Einen ganz ähnlichen Ansatz verfolgen Weert Canzler und Andreas Knie in einer deutlich kürzeren Veröffentlichung der Heinrich-Böll-Stiftung. Auch hier wird im Ergebnis auf das Zusammenspiel von Energiewende und alternativen Mobilitätskonzepten verwiesen. Bis dahin ist es aber noch ein weiter Weg.

Helfen Experimentierklauseln mit Beteiligungsverfahren?

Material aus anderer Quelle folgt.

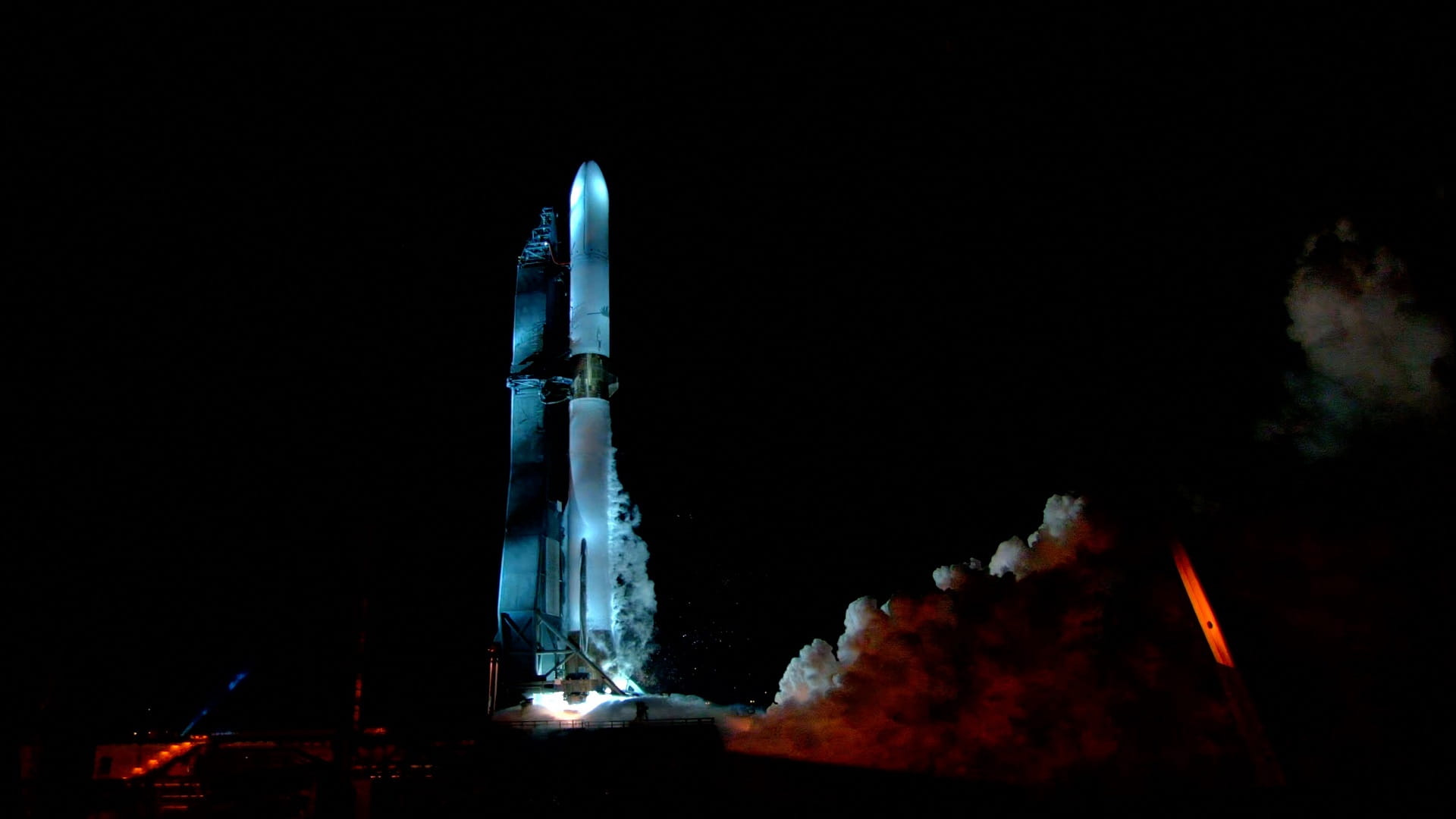 شركة بلو أوريجين تعتزم إطلاق الرحلة الأولى لصاروخها الفضائي الجمعة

»Veränderungen auf Deutschlands Straßen sind überfällig, doch die Entwicklung stagniert: Die Zahl der privaten Autos mit Verbrennungsmotoren wächst, die Luftqualität leidet, öffentliche Plätze sind primär Verkehrsflächen – von einer Verkehrswende keine Spur. In den großen Städten aber bahnt sich ein Wechsel in der Einstellung und im Verhalten an: Immer mehr Menschen nutzen nicht mehr nur das Auto, sondern kombinieren das Rad mit Bussen und Bahnen oder nutzen Bike- oder Carsharing. Unterstützt wird diese Tendenz durch digitale Plattformen, die das Kombinieren unterschiedlicher Verkehrsmittel so einfach machen wie die Nutzung eines eigenen Pkw. Mit dem Smartphone in der Hand werden die städtischen Verkehrsmittel zu einem riesigen Fuhrpark, bei immer mehr Menschen lösen sich damit die Bindungen an ein privates Verkehrsmittel langsam auf. Damit könnte auch die Zahl der Fahrzeuge drastisch sinken, das wiederum lässt die flächendeckende Einführung von Elektrofahrzeugen zu. Werden diese darüber hinaus – wie es selbstverständlich sein sollte – mit erneuerbaren Energien betrieben, wäre die Energie- und Verkehrswende auf einem guten Weg.«

Das Problem, das auch Canzler und Knie diskutieren: »Obohl die technischen Möglichkeiten vorhanden sind und die Präferenzen der städtischen Bevölkerung eine solche multimodale Verkehrspraxis ermöglichen, blockiert die herrschende Verkehrsordnung viele Innovationen. Der rechtliche Rahmen bleibt bislang in hohem Maße auf das private Verbrennungsauto fixiert.« Vorgeschlagen werden in der Studie deshalb unter anderem Experimentierklauseln mit erweiterten Beteiligungsverfahren.